At the end of the show, Sian Day of the Teenage Cancer Trust talked about its work to build specialist hospital units for young people with cancer.

Featured image caption: Volunteer models, back row, from left: Hannah Broadbent, 16, Gemma Irvine, 18, Natalie Hassall, Lauren Muir, both 17 and Alicia Blackwell Edwards, 19. Front row: Alan Dodd, Lloyd Jones, both 17 , Dominic Saulte, Joe Thomas, both 18

Tune in to Weston on Wednesdays

Weston College music goes live next month when concerts, instrument lessons and music-mixing software tutorials are available for streaming between 4 and 4.30pm on Wednesdays.

Music curriculum manager Paul Raymond said: “Anyone can watch these free via www.musiccollege.tv, and, through Facebook and Twitter, they can make the whole experience interactive, ask questions, make comments and give feedback.”

He added: “We really believe that this is a step forward in educational opportunities and puts Weston at the cutting edge.”

The live lessons follow a performance last month at St George’s concert hall, Bristol, in which Weston students Bozanne Bozie, 16, Patrick Lim, 17, and Rosie Southern , 18, performed their own songs, accompanied by a professional string quartet.  The concert was filmed and streamed live last month by students from the college’s film and media departments.
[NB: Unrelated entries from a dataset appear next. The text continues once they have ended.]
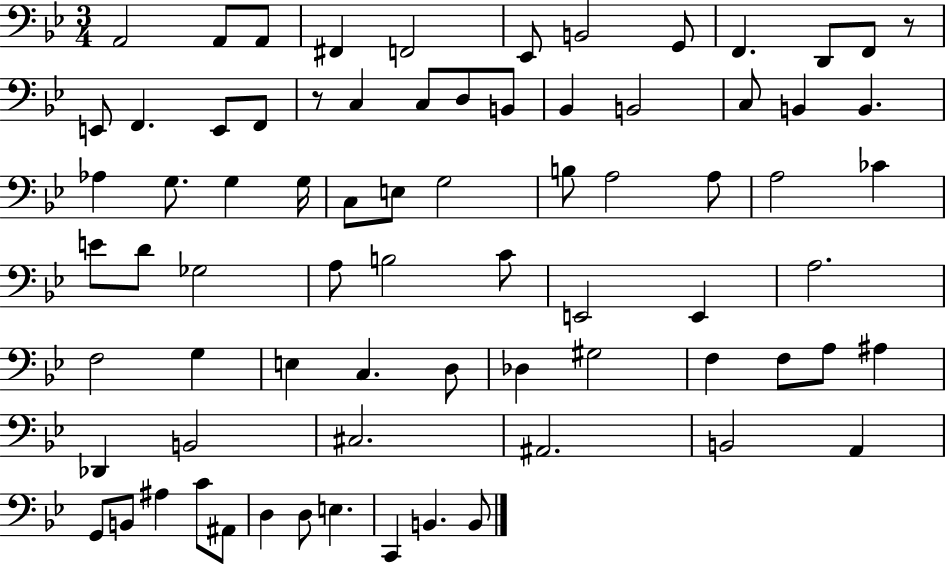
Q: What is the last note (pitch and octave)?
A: B2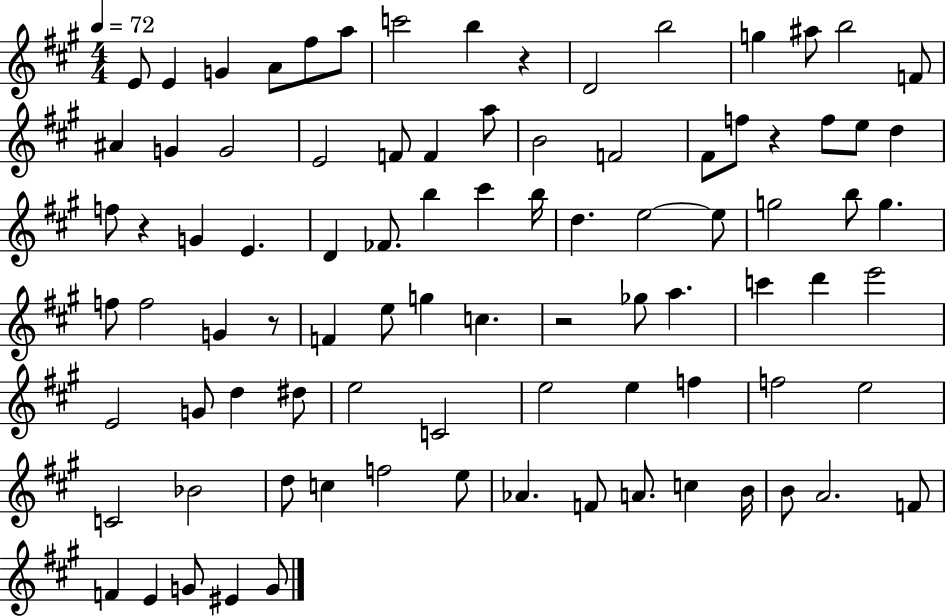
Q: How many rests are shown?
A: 5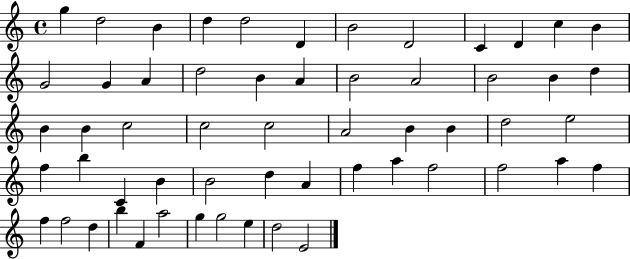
X:1
T:Untitled
M:4/4
L:1/4
K:C
g d2 B d d2 D B2 D2 C D c B G2 G A d2 B A B2 A2 B2 B d B B c2 c2 c2 A2 B B d2 e2 f b C B B2 d A f a f2 f2 a f f f2 d b F a2 g g2 e d2 E2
Featured image caption: Weston College student Bozanne Bozie will be performing her own songs during live web broadcasts

All eyes on the prize in Newham

A Newham College men’s football team beat 15 schools, universities and colleges to get to the national final of a student  competition.

Newham beat Hertswood Academy 4-3 to win the Southern England Student Sports Association football plate final at Essex’s Ford Sports and Social Club.

The college’s FE sports co-ordinator, Liana Mathurin-Brown, said the team’s success was due to Erskine Smith, a coach from the Tessa Sanderson Foundation and Academy, and a former college worker.

“Since moving on from the college, Erskine has continued to give up his time for training and matches,” she said.

“He’s always on hand when players need advice.”

Featured image caption: Newham College footballers and coach celebrate their after their knock-out competition win

At the cutting edge of design

Textiles students in Somerset learned high-level techniques in a master class on pattern cutting from designer Julian Roberts.

The 85 learners on Strode College A-level textiles, art foundation and BTec art and design courses heard about Julian’s pioneering, no-waste pattern cutting technique, and then had a chance to try the method out for themselves.

College textiles course leader Sue Green, who organised the event, said: “It’s important to challenge our students to think creatively and to develop their own work in new and innovative directions.

“Working with a professional designer like Julian Roberts gave them a great opportunity to build on their skills, knowledge and confidence.”

Some of the students’ dresses made using Julian’s techniques will be on display at an end-of-year catwalk show in June.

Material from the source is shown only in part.